Because of how we are using Meteor and MySQL, and how the ORM we are using (Sequelize) works, I ran into many problems early on even simply trying to retrieve a specific row from the database. Sequelize was based in Promises, and I have to admit that I was not particular confident in knowing fully well how Promises work. Furthermore, Sequelize is not very intuitive in the sense that Promise callbacks return instances and not objects, which in my opinion makes the code so much messier. Furthermore, depending on the type of Sequelize operation, the parameter may return an array of instances. I often found myself getting undefined values or null value errors simply because I didn’t know the method signatures or didn’t spend a little more time to find out how everything works.

It was a frustrating week, where I went through multiple libraries and approaches just for the client Meteor app to communicate with the database. I think the most important thing I learnt from this week is to Read The Documentation. I realised that so many problems could have been avoided and time saved if I had just taken some time and not be lazy to find out how things work, instead of assuming a library is supposed to work the same way as what I am used to in other libraries.

Redesigns

Despite being mainly in charge of the backend, I was also concerned with the user experience when a user uses our app. With reference to ExchangeHunt, an Assignment 1 project from CS3216 last year, I sketched out multiple changes to the design. Most importantly, I felt that we should have an index page for an exchange group, which is visible to users even when they are not signed in. This would allow us to provide Share buttons for users to invite or publicise the existence of the group on their Facebook timeline, which so happens to be one of the Assignment milestones as well. I thought that users’ friends who visit the page should be able to view who is currently in the group, which will somewhat act like peer pressure to incline other people to hop onto the app as well.

Bypassing server limits

Halfway through making use of the data which we had proudly dug out from TopUniversities (see last week’s post), we found out that the university logos we had “scraped” from their data could not be hotlinked. Furthermore, most of the logos were 48x48 pixels, while the main site often had logos which were 200x200. Seeing that there were these two problems, I subsequently thought of a way to retrieve the images in their highest resolution possible, by looping through a series of URL formats to attempt to find the highest resolution one. One example of a higher-resolution URL would be to simply change the _small portion of the URL to _medium or _large, but not all logos had medium or large formats available and was not standardized, and so I couldn’t simply do a search and replace or batch download.

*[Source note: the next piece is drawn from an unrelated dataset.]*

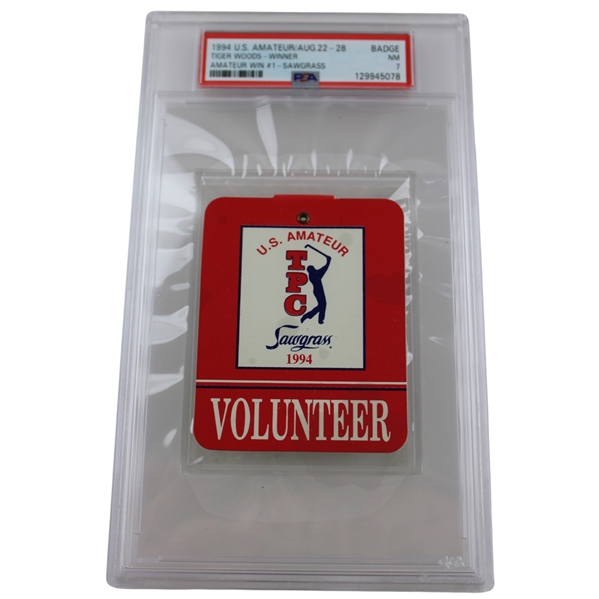 1994 US Amateur Badge - Tiger Woods Winner Amateur Win #1 Sawgrass PSA NM 7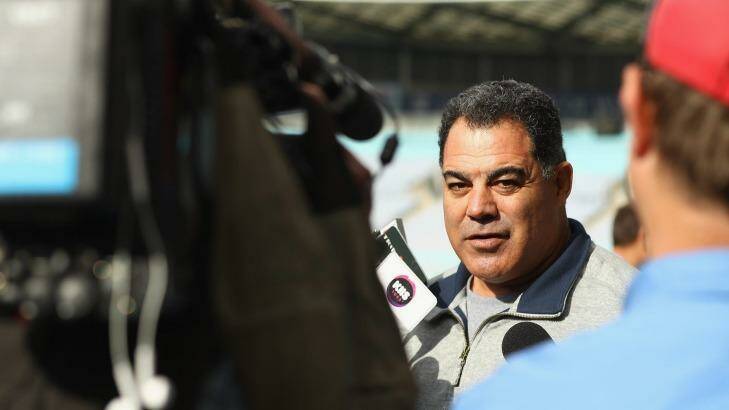 Mal Meninga speaks to the media during the Blues' captain's run at ANZ Stadium. Photo: Mark Kolbe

I didn’t expect myself to actually write an image fetcher just for this task, considering that there were more important things to settle, but it sounded like a fun problem that would give me immense satisfaction if I solved it, and so I stayed up till 5am and actually wrote a simple fetcher in 3 hours (found here). What it does is simply to loop through all university data, if a logo URL exists, fetch the highest resolution image using wget, and save it to a local folder.

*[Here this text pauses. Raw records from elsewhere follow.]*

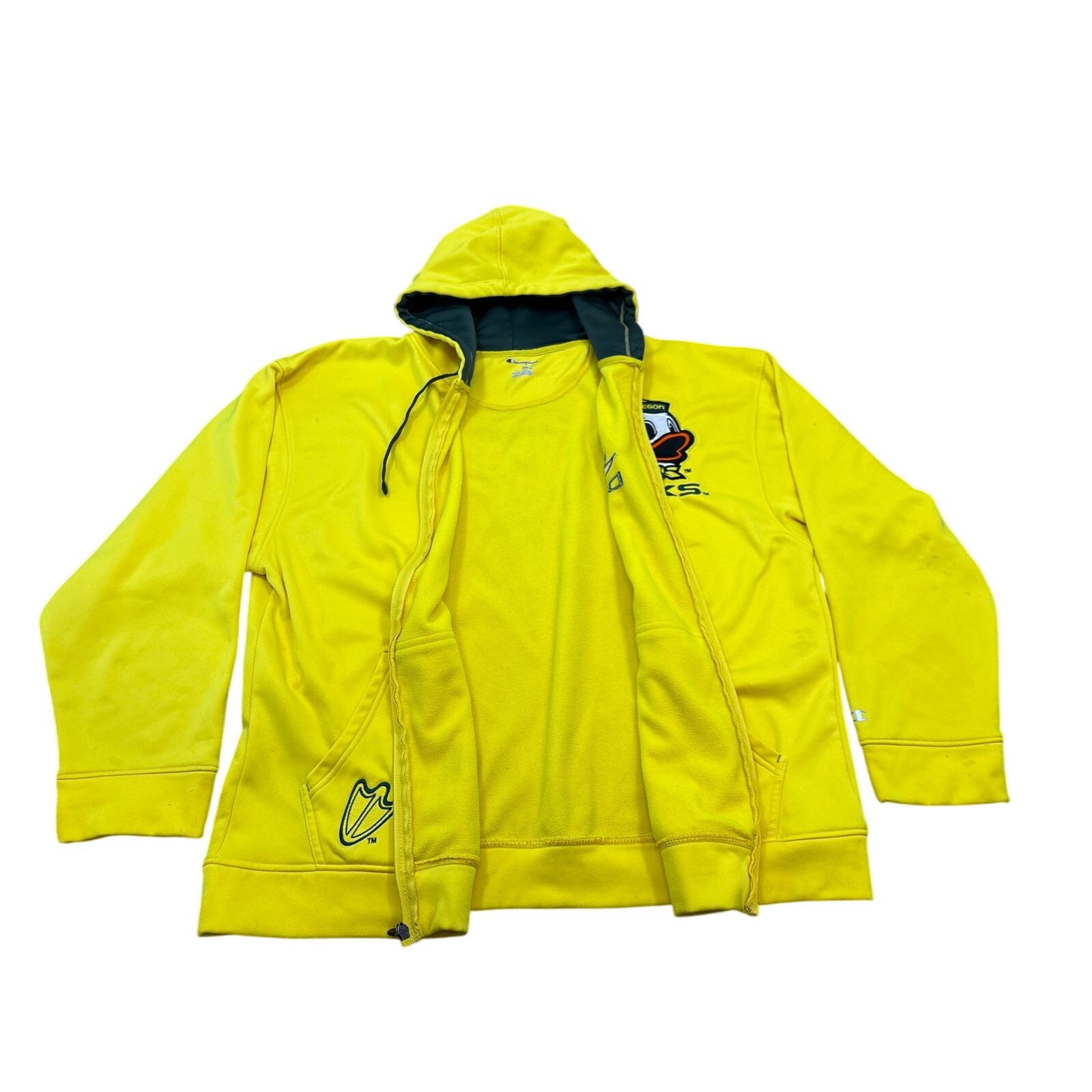 Champion Champion Oregon Ducks Yellow zip up embroidered patch logo Size US XXL / EU 58 / 5 - 5 Thumbnail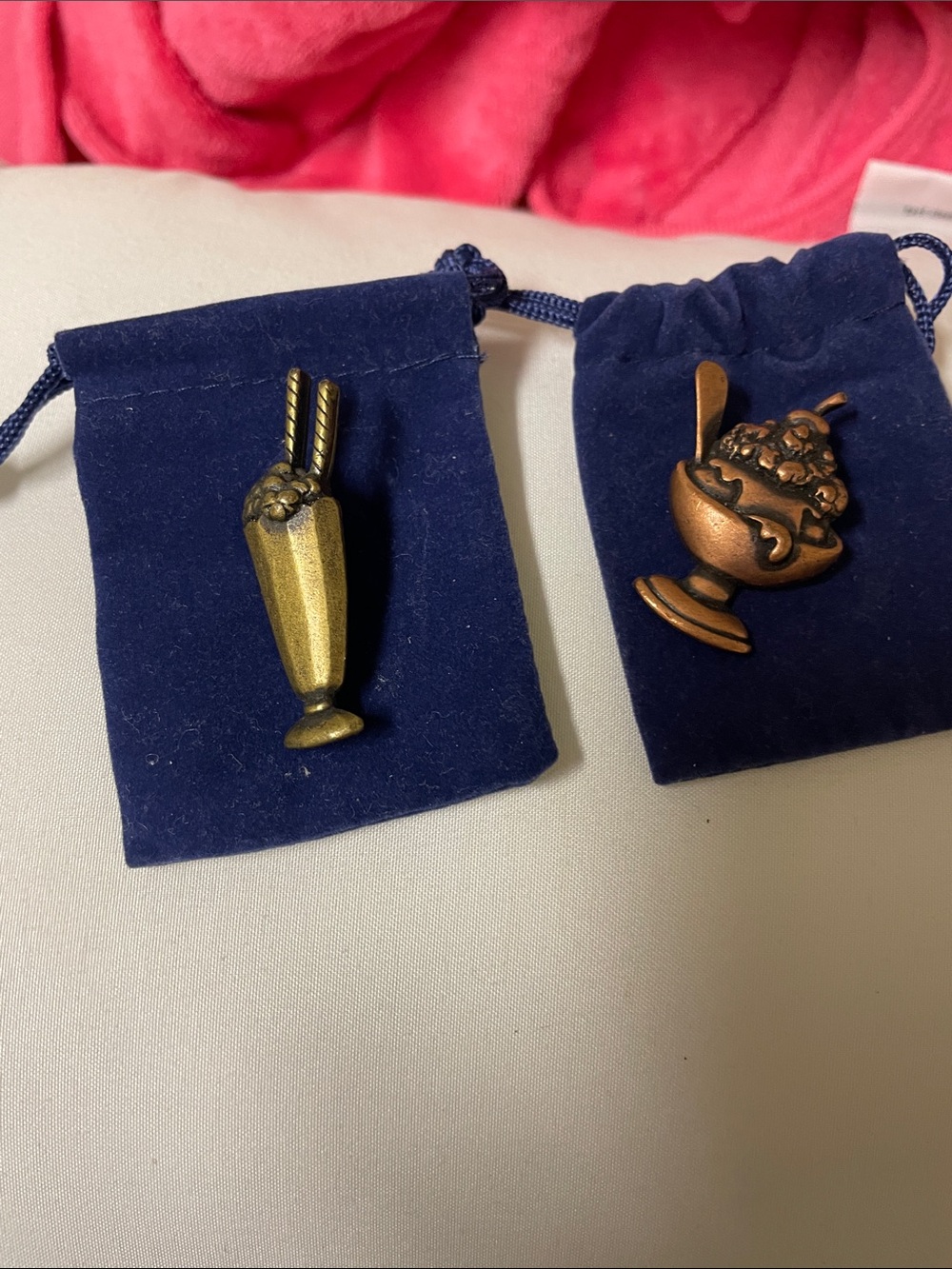 JJ Jonette stickpins, ice cream sundae bronze collar, milkshake golden.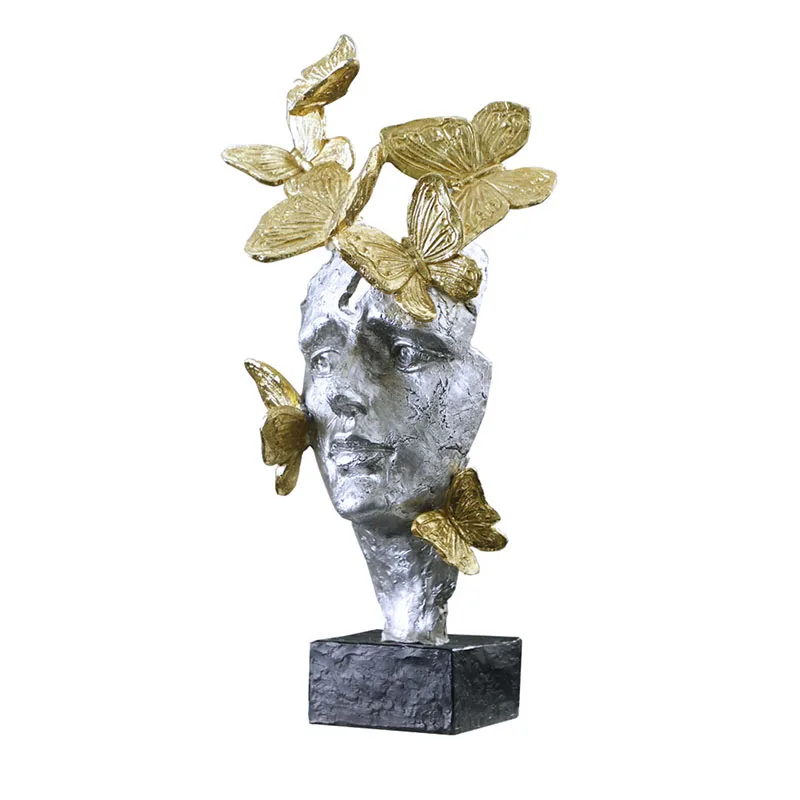 

Скандинавская Ретро фигурка девушки в виде золотой бабочки, артикул, скульптура, Декор для дома, аксессуары, современное искусство из смолы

One of the big problems I faced was that I had to spoof HTTP headers to pretend that the request is being made from a browser, in order to prevent the no-hotlinking error from being returned. I also constantly found that images would always run into timeout errors while downloading halfway, despite continually trying again and again. I figured that the server might be imposing limits on how often requests can be made in a specified period of time, and so I hacked together some simple logic to split the downloads into batches of 50, and download a maximum of 50 images a minute. A lot of debugging and testing later, I felt so good when 200+ (relatively) high-res university logos were automatically downloaded to my computer.

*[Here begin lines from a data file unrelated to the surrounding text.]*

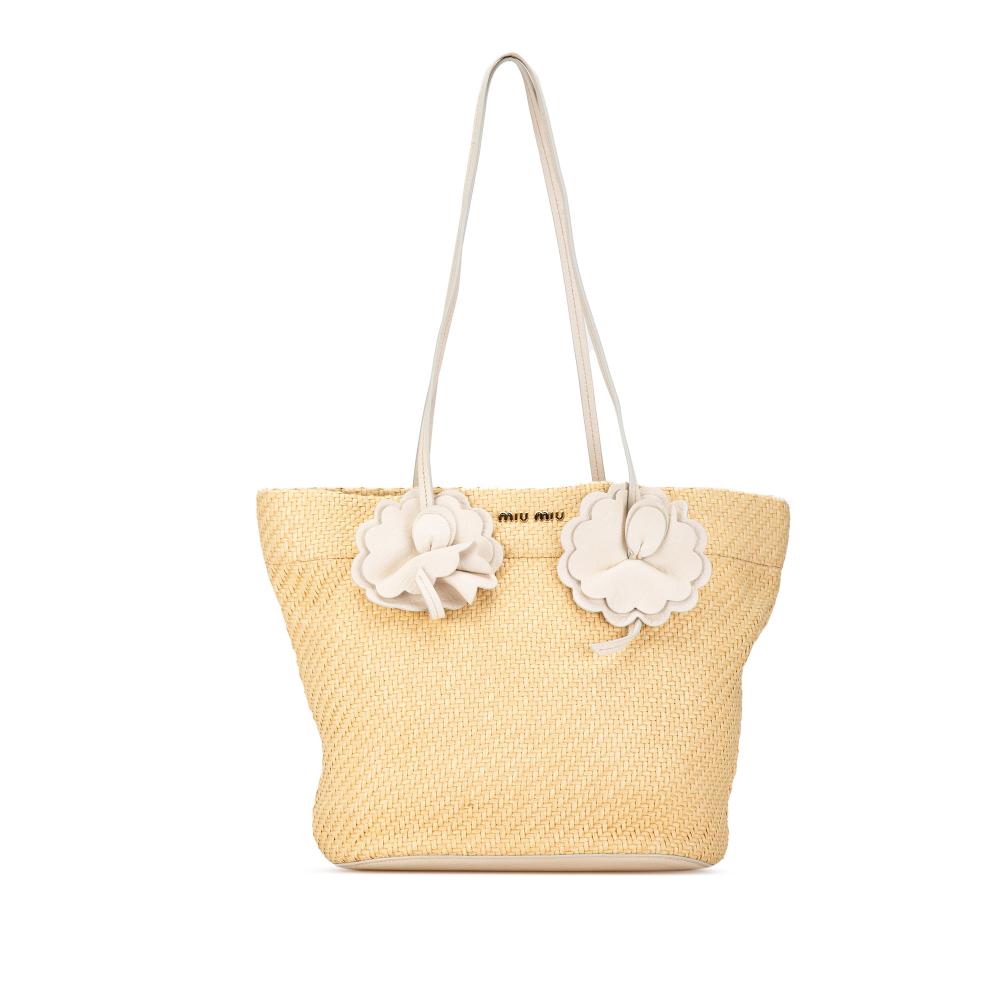 Miu Miu B Miu Miu Brown Beige with White Ivory Straw Natural Material Floral Embellished Tote Italy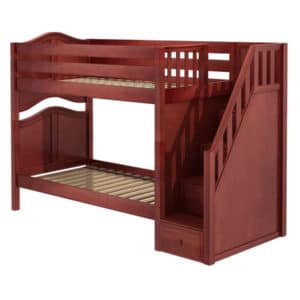 maxtrix twin twin bunk bed curved with stairs in chestnut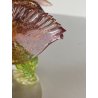 SCULTURA VETRO Murano SOMMERSO TRASPARENTE FOGLIA ORO GALLO 12,5 cm/h '50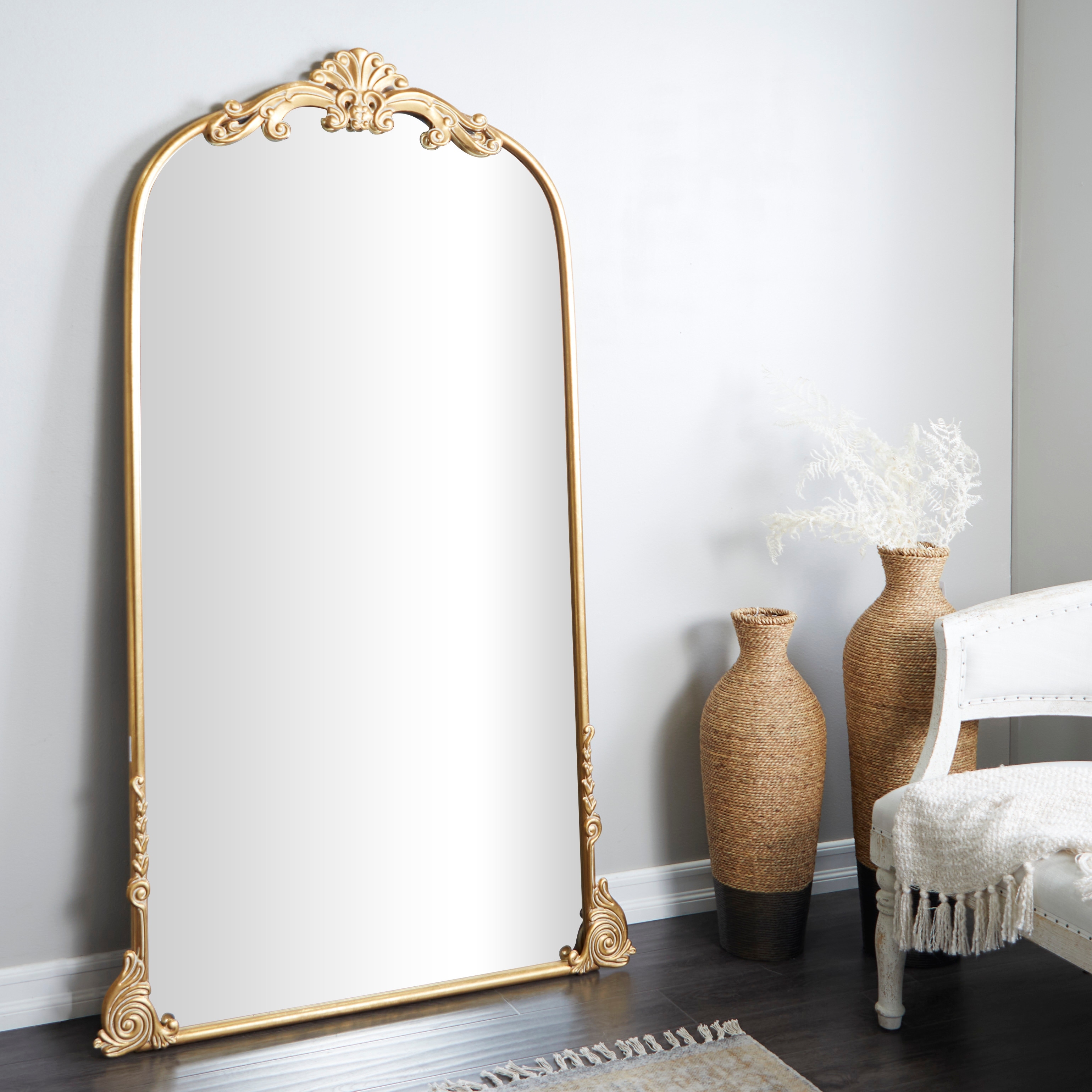 Gold Metal Tall Ornate Arched Acanthus Scroll Wall Mirror Bed Bath   Beyond 37258468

I felt so good and somewhat felt like a “hacker” for crawling for these images which I don’t think I was supposed to have obtained. I’m pretty sure there isn’t a proper repository of university logos readily available, and so what I did may easily be useful for other developers around the world as well, which was why I decided to push it to a separate repository on GitHub. However, I also wondered if this may be a breach of Terms of Use of their website, but at that point in time, I didn’t care as much and just wanted to solve this problem at hand. I think the lesson learnt here would be to step out of your comfort zone, and not to stop just because there are no APIs or data sources available, and therefore right now we have 200+ pretty university logos for our app!